A Timeline History of the Rochester Subway

This article was scraped from Rochester Subway. This is a blog about Rochester history and urbanism has not been published since 2017. The current owners are now publishing link spam which made me want to preserve this history.. The original article was published January 02, 2009 and can be found here.

1825, Erie Canal completed

By 1900 the canal is antiquated; too narrow for modern barges, many lift-bridges downtown tie up traffic, and many consider it an eyesore

1905, funding approved to widen the Erie Canal and reroute it south of the city


  • State gives cities first rights to buy canal right-of-way after abandonment
  • Rochester Chamber of Commerce hires city planners to find the best use for the right-of-way
  • Planners recommend building an automotive highway
  • Rochester's leaders see this as unrealistic; 3,600 automobiles in Monroe County at the time
  • Some propose using the right-of-way for street railway service
  • Rochester already has an extensive streetcar network

There are five major railroads with stations in Rochester:

  • NY Central RR
  • Baltimore & Ohio RR
  • Pennsylvania RR
  • Erie RR
  • Lehigh Valley RR

Between 1900-1910, four interurban lines are built into Rochester:

  • Rochester & Syracuse (east rochester, fairport, macedon, palmyra, auburn, syracuse)
  • Rochester Lockport & Buffalo (spencerport, brockport, medina, buffalo, niagara falls)
  • Rochester & Eastern (pittsford, bushnell's basin, victor, canandaigua, seneca falls)
  • Rochester & Sodus Bay (Webster, Ontario, Williamson, Sodus)

With more automobiles appearing on the streets, Interurbans were becoming unwelcome on Main Street, sometimes referred to as the "Aisle of Death"

Rochester's population was growing rapidly and expected to reach 2 Million

Freight service into and out of Rochester was also a necessity

1912, City Hall approves $1.8 MM to build subway using canal and aqueduct. It would officially be called the Rochester Rapid Transit and Industrial Railroad (a.k.a. Rochester subway)

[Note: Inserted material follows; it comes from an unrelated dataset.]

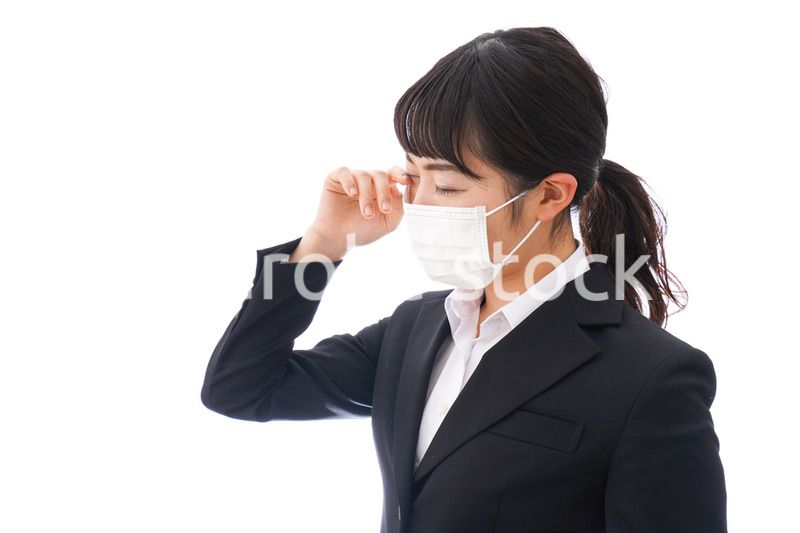 花粉症・風邪・インフルエンザに苦しみマスクをする若い女性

1919, Last boat passes through on the Canal

1920, the Canal is drained

   City buys the Canal right-of-way including adjacent sections in Greece, Brighton, Pittsford
   Mayor Edgerton (Republican) signs ordinance to begin construction

1922, (May) Mayor Clarence Van Zandt (Republican) breaks ground using a golden shovel

1923, (Spring) Mayor and city engineers inspect the project; one of them enthusiastically stated, "the old Erie Canal made Rochester, the new subway railway is to make for a greater Rochester."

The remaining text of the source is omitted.